# b14 fog lights



## DjSpeed247 (Apr 13, 2009)

whats up ever body is it possable to wire your fog lights so they stay on when you put your brihts on


----------



## mattdc_07 (Aug 3, 2008)

yes there is, you have 2 options in doing this...
1. would be to rewire the fog lights completely
2. would be to find the pink and blue wire coming from the factory relay and either wire it to a switch or to the park light.

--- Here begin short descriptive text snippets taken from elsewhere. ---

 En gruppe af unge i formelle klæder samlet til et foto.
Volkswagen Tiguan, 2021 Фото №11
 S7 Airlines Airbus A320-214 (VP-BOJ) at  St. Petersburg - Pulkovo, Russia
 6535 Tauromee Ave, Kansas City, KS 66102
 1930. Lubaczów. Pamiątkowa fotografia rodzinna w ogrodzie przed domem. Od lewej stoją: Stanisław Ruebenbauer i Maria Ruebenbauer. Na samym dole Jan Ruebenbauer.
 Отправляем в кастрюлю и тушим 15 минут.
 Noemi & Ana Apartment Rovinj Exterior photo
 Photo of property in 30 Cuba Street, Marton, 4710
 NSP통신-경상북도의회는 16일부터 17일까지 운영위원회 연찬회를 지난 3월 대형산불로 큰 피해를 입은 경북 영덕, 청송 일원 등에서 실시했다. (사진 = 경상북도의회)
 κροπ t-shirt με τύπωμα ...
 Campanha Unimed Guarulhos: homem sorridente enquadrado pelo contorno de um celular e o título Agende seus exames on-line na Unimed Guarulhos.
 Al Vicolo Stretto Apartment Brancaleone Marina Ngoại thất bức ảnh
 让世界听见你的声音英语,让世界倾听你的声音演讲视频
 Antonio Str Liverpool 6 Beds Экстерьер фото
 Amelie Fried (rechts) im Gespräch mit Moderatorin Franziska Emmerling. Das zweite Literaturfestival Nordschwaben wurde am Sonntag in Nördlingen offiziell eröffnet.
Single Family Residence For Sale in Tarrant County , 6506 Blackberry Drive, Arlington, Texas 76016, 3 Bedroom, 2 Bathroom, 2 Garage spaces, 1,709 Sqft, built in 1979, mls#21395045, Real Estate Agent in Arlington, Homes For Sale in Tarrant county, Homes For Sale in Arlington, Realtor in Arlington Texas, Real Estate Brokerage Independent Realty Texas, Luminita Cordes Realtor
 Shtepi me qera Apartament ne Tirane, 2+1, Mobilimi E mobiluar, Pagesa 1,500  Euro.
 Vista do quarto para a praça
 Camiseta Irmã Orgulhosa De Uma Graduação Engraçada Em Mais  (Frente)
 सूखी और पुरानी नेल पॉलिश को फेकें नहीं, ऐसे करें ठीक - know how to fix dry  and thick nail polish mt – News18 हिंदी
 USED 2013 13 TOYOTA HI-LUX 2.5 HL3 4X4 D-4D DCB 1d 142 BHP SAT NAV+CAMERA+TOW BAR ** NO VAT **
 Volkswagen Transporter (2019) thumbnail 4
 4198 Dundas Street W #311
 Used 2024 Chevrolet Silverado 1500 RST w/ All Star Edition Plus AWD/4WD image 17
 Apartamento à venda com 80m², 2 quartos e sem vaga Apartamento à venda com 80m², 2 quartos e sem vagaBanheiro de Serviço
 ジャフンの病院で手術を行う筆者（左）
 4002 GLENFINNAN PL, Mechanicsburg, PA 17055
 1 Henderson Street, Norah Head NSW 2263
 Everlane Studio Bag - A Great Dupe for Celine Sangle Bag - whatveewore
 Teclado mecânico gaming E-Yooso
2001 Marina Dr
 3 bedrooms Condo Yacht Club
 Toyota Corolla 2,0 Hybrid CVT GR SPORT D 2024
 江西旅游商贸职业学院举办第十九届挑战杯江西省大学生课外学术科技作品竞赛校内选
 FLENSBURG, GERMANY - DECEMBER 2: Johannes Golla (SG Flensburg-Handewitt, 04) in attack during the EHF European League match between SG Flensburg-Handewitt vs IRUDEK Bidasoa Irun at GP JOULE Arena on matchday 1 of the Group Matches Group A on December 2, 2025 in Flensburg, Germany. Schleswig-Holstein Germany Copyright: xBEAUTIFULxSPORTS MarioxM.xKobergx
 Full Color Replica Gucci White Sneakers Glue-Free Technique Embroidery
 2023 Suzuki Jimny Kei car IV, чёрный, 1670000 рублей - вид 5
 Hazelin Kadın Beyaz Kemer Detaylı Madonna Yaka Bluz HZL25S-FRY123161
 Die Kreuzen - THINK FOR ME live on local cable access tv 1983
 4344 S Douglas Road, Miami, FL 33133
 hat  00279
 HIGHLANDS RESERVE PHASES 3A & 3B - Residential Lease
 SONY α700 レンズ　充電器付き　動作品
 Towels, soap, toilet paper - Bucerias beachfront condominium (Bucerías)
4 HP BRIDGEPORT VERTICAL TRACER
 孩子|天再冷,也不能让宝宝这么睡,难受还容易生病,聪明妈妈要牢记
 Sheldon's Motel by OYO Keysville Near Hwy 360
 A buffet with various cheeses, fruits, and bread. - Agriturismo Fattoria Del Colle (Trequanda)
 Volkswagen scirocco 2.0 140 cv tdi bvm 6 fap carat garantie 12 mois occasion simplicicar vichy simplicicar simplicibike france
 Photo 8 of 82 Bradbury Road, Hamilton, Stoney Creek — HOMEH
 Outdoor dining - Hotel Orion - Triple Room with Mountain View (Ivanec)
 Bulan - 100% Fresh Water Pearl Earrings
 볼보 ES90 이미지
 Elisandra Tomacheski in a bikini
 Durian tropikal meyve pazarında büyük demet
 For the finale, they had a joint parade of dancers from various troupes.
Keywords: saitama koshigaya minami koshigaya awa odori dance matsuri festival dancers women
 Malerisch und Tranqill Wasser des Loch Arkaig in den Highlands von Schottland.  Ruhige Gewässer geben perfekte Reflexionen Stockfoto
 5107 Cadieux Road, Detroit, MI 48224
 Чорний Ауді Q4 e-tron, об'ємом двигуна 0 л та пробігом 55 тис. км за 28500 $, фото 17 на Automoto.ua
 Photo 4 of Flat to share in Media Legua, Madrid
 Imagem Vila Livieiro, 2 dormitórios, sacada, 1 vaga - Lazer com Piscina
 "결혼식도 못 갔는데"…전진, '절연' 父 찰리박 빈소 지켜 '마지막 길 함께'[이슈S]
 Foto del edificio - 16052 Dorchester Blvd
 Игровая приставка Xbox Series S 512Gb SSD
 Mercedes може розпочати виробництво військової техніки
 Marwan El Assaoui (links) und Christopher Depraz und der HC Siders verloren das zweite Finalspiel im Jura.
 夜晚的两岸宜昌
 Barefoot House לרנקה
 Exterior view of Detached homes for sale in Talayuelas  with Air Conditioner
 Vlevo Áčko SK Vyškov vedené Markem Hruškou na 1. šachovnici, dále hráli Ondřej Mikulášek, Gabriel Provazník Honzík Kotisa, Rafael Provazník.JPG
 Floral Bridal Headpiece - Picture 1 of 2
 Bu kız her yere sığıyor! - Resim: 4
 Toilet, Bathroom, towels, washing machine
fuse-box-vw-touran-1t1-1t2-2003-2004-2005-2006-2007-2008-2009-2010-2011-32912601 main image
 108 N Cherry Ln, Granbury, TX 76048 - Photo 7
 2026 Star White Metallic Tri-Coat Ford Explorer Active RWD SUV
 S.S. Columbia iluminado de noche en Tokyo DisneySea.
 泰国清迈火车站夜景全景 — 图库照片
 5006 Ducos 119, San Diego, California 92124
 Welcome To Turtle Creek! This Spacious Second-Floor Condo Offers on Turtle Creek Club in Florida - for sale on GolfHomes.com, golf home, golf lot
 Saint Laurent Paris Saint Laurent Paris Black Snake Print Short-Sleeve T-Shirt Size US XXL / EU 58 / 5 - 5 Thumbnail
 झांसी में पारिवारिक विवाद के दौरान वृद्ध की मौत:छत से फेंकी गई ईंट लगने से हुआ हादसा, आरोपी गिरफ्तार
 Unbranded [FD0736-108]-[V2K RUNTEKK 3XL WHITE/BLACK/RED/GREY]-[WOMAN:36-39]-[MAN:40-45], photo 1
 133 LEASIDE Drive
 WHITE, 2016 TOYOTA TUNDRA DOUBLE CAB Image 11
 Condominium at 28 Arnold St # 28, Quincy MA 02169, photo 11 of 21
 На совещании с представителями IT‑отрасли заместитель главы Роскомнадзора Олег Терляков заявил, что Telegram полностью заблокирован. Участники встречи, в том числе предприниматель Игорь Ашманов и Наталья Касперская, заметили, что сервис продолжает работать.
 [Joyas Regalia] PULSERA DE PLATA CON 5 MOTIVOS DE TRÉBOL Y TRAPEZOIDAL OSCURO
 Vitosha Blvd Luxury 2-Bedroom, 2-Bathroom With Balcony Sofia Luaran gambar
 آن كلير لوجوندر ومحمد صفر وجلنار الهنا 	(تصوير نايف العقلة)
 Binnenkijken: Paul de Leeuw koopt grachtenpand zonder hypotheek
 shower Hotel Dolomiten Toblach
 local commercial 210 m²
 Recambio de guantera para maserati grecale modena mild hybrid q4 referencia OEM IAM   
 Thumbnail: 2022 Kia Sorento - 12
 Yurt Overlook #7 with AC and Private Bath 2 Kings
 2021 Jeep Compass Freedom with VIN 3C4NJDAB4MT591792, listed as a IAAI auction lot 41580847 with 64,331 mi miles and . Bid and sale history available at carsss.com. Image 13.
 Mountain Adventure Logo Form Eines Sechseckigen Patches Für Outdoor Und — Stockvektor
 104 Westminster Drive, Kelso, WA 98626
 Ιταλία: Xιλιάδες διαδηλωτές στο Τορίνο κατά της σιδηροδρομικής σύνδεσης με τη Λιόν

And there are also a couple of things you also may want to know, first off being that in some states fog lights are not legal to run unless it is foggy outside, and what ever you run that wire to, any time that wire receives power the fog lights will come on.


----------



## DjSpeed247 (Apr 13, 2009)

cool man have you done this your self


----------



## mattdc_07 (Aug 3, 2008)

well in a way, I put foglights on my car that came factory with no fog lights, and I also have a haynes manual that has the wiring diagram in it.
But in my opion your easyest way would be to wire into the factory harness and run the power to a park light, much simpiler and I like to just have foglights on sometimes(looks cool).
And another thing there is a piece of sheet medal in the foglight covering the bulb, if you cut that peice of medal off the fog lights are 3 times as bright


----------



## azkicker0027 (May 31, 2002)

mattdc_07 said:


> well in a way, I put foglights on my car that came factory with no fog lights, and I also have a haynes manual that has the wiring diagram in it.
> But in my opion your easyest way would be to wire into the factory harness and run the power to a park light, much simpiler and I like to just have foglights on sometimes(looks cool).
> And another thing there is a piece of sheet medal in the foglight covering the bulb, if you cut that peice of medal off the fog lights are 3 times as bright


i highly agree with using the park light signal for switching on the fog.
i also did that shield delete and it scatters the light more. the drawback though is added glare to oncoming traffic and aligning the foglamp level is a bit more tedious since that "shadow line" is gone.


----------



## mattdc_07 (Aug 3, 2008)

What I had to do about adjusting the lights is take the top bolt out and put a washer between the mount bracket and the fog light and it works perfectly.
And my lights still have the shadow line though.


----------